[[ Material provided, beginning ]]

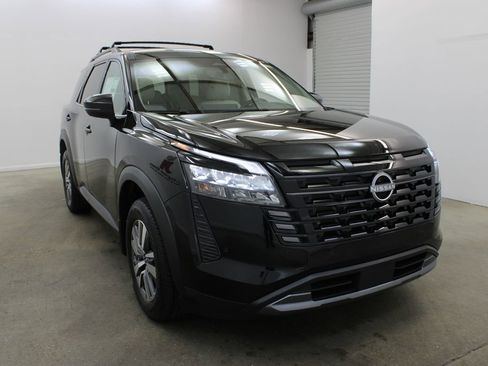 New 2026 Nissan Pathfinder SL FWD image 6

[[ Material provided, end ]]
[[ Material provided, beginning ]]

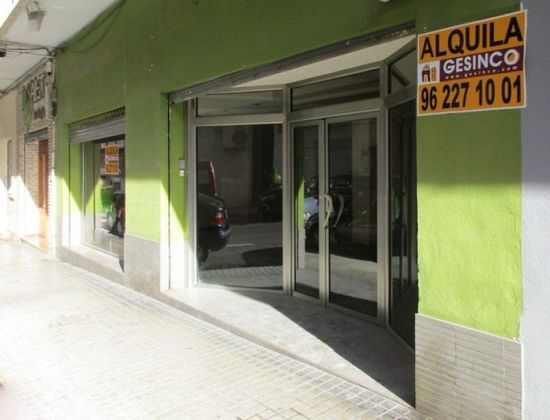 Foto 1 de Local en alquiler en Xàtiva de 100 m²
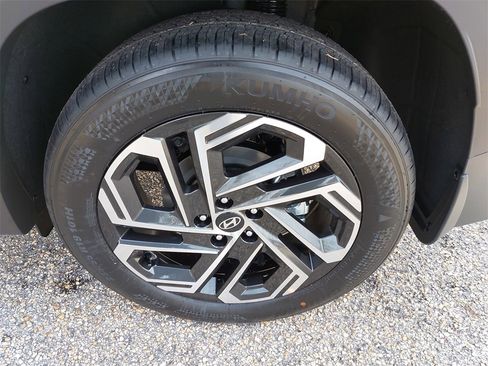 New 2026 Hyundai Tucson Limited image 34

[[ Material provided, end ]]

Task statement: In the entries above, find the line with "Foto 1 de Local" and the line with "New 2026 Hyundai Tucson Limited image 34". Return exactly those lines and all the ones between them, pictures excluded.

Answer space:
 Foto 1 de Local en alquiler en Xàtiva de 100 m²
 New 2026 Hyundai Tucson Limited image 34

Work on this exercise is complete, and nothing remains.